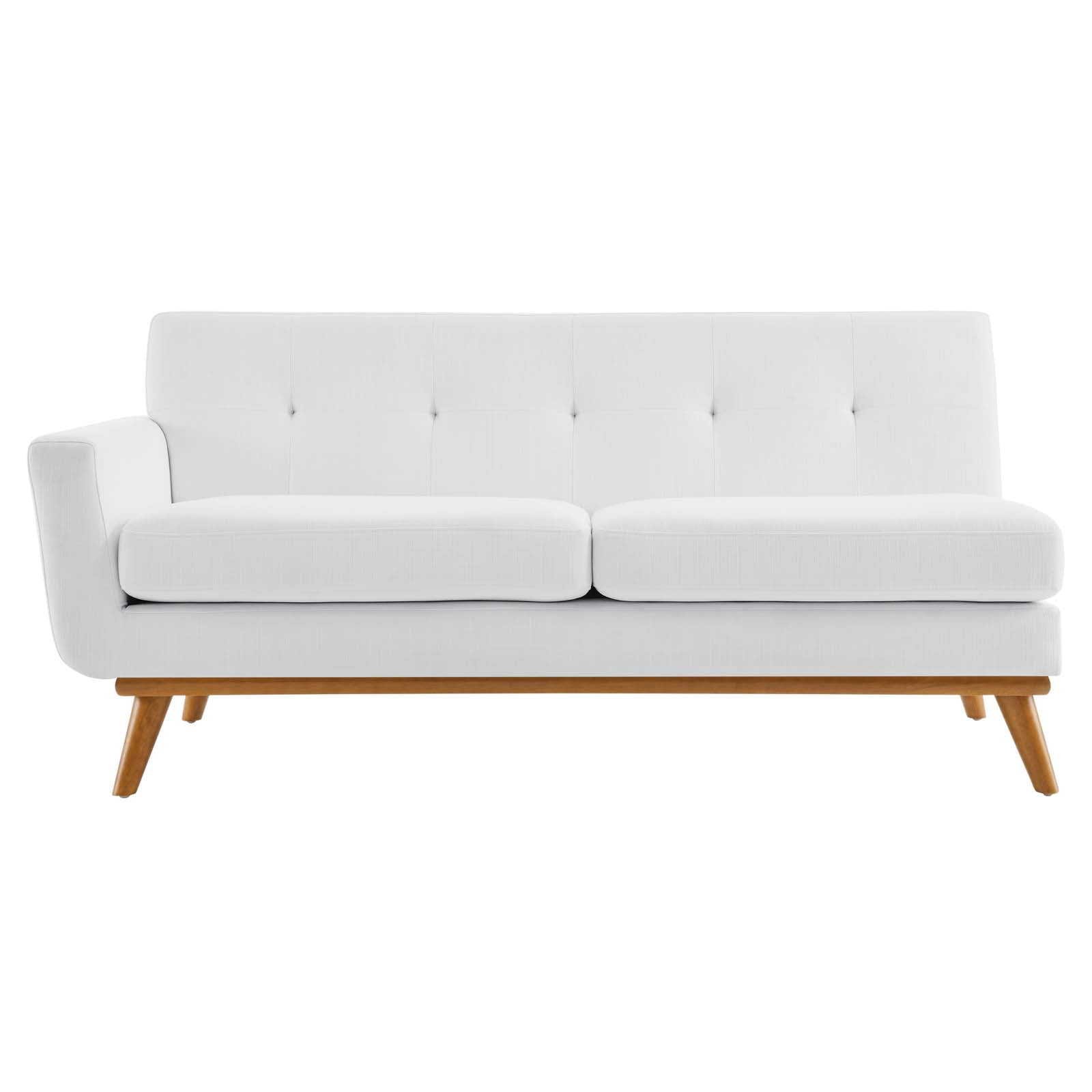 Modway Engage Left-Arm Upholstered Fabric and Wood Loveseat in White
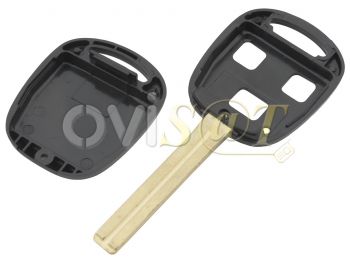 Producto Genérico - Carcasa llave para telemando Lexus y Toyota de 3 botones + espadín (largo).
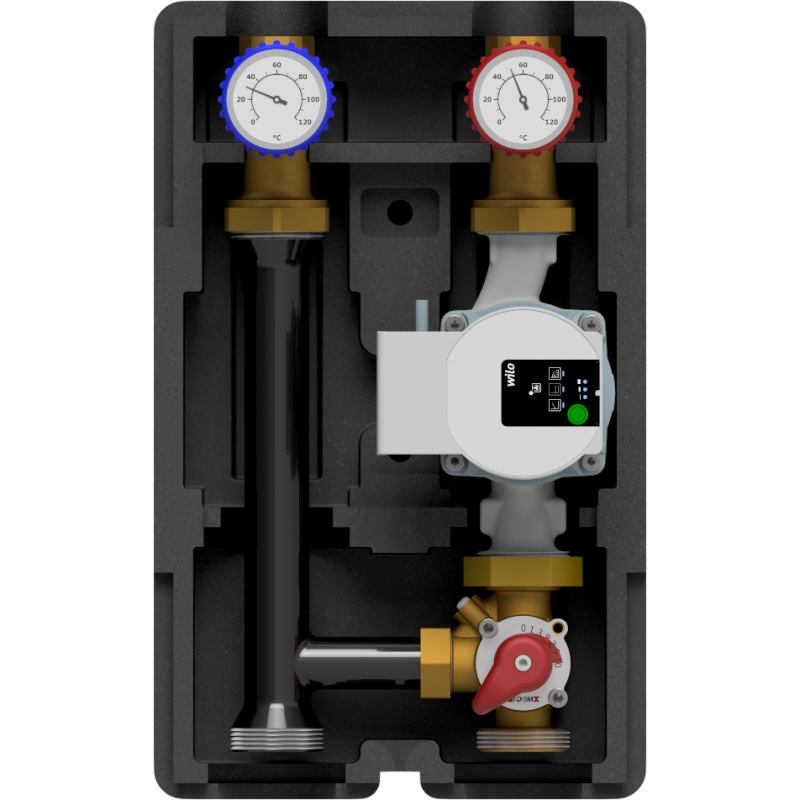 Womix SMT 125 Grupa mieszająco-pompowa DN 25 (1") z izolacją, z pompą Wilo Yonos Para 25/6 z zaworem obrotowym kod 616084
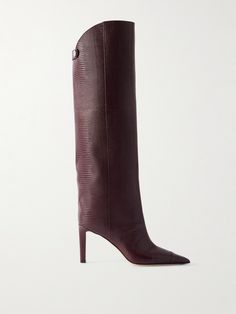 Jimmy Choo's 'Alizze' knee boots can be styled over jeans or with mini dresses, so you'll get plenty of wear out of them. Set on 85mm heels, they're made from lizard-effect leather and have pointy toes. Designer Brown Knee-high Boots, Brown Suede Knee-high Boots With Pointed Toe, Elegant Burgundy Knee-high Boots, Luxury Brown Pointed Toe Knee-high Boots, Elegant Red Knee-high Boots With Pointed Toe, Leather Knee Boots, Raffia Bag, Fine Jewelry Designers, Summer Hats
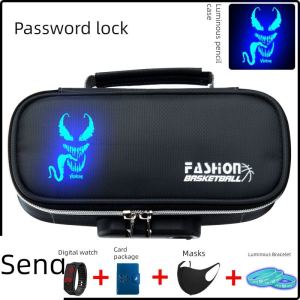 Luminous Venom Pencil Case Password Lock Large Capacity Pencil Case Schoolgirl Boys Luminous Good-looking Cool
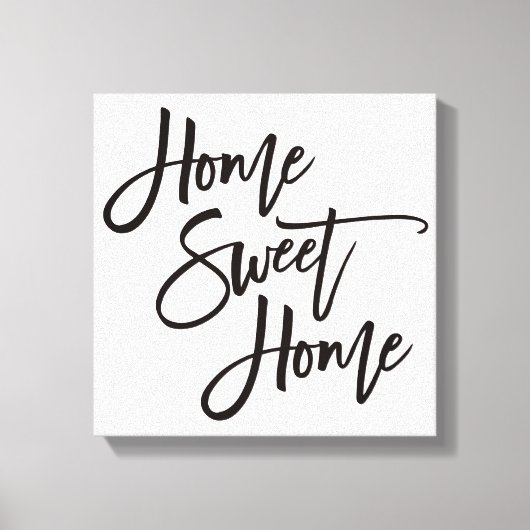Elegant Script Home Sweet Home Zwart Typografie Canvas Afdruk (Voorkant)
:::::
## What this task involves
Repeat the line that contains "Luminous Venom Pencil" and each line after it, through the last line of the listing, exactly and alone; pictures stay out of the repeat.

## Finished task
 Luminous Venom Pencil Case Password Lock Large Capacity Pencil Case Schoolgirl Boys Luminous Good-looking Cool
Elegant Script Home Sweet Home Zwart Typografie Canvas Afdruk (Voorkant)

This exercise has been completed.